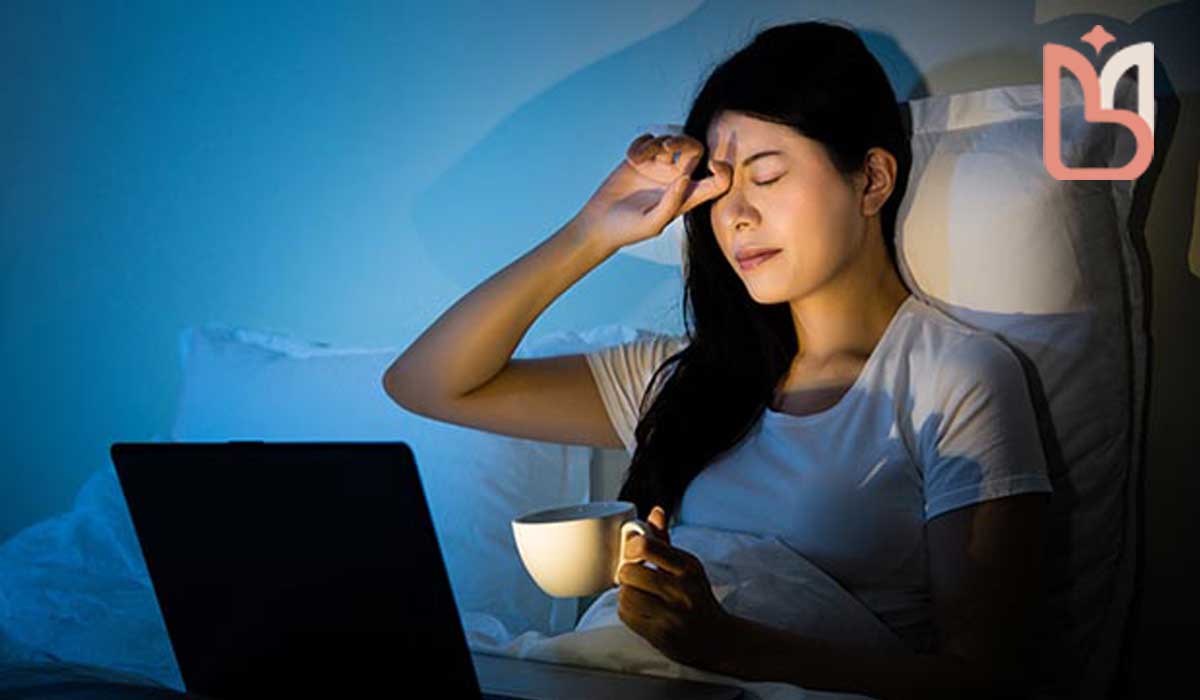 تاثیر نور آبی بر روی پوست تاثیر نور آبی بر روی پوست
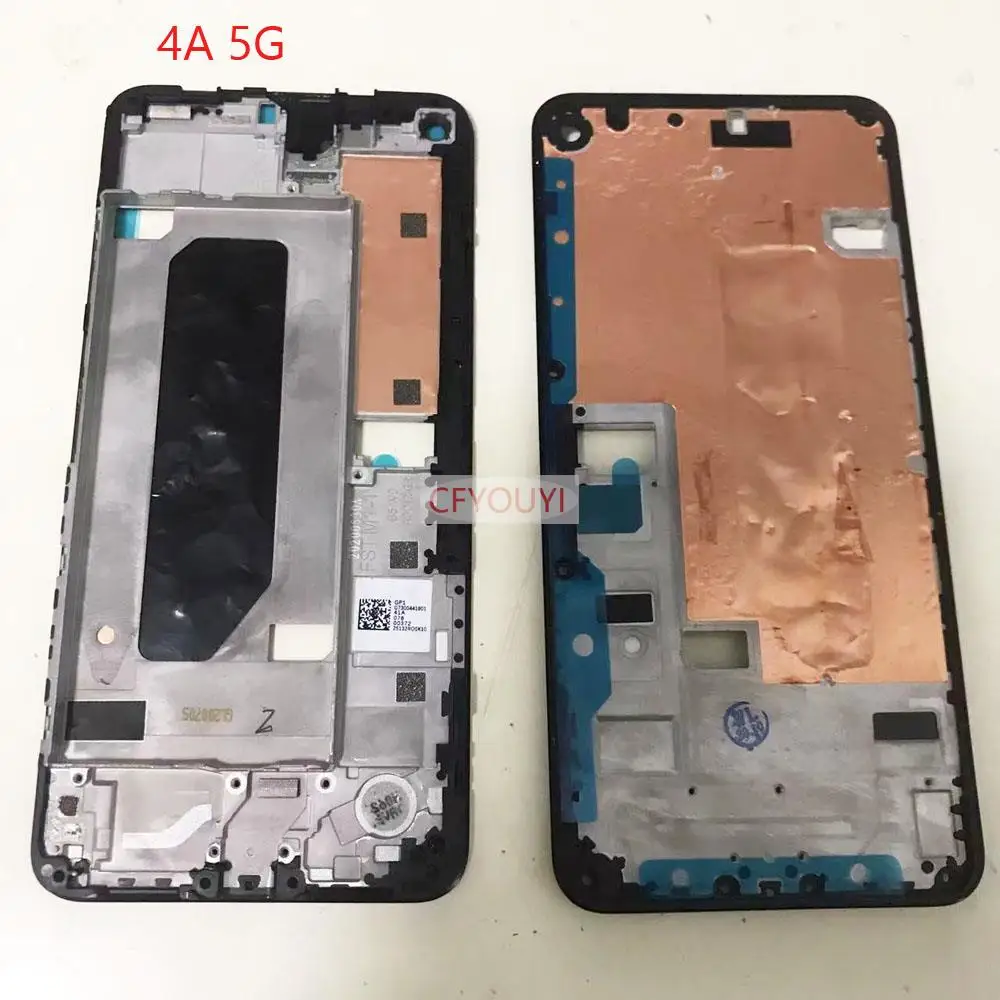 NEW Middle Frame LCD Housing Plate Frame Repair Parts For Google Pixel 3A /  4A / 4A 5G LCD Frame Replacement Parts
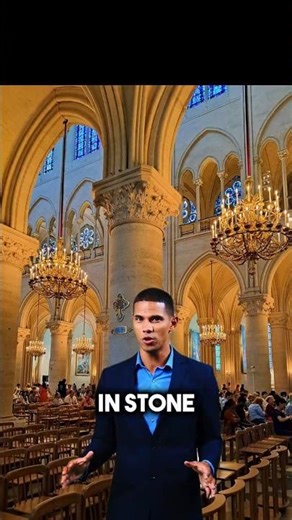 Inside the Walls of Paris's Greatest Masterpiece #shorts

DIRECTIONS FOR THIS TASK: Without the pictures, copy the material exactly as given.

SOLUTION TO THIS PROBLEM:
 تاثیر نور آبی بر روی پوست تاثیر نور آبی بر روی پوست
 NEW Middle Frame LCD Housing Plate Frame Repair Parts For Google Pixel 3A /  4A / 4A 5G LCD Frame Replacement Parts
 Inside the Walls of Paris's Greatest Masterpiece #shorts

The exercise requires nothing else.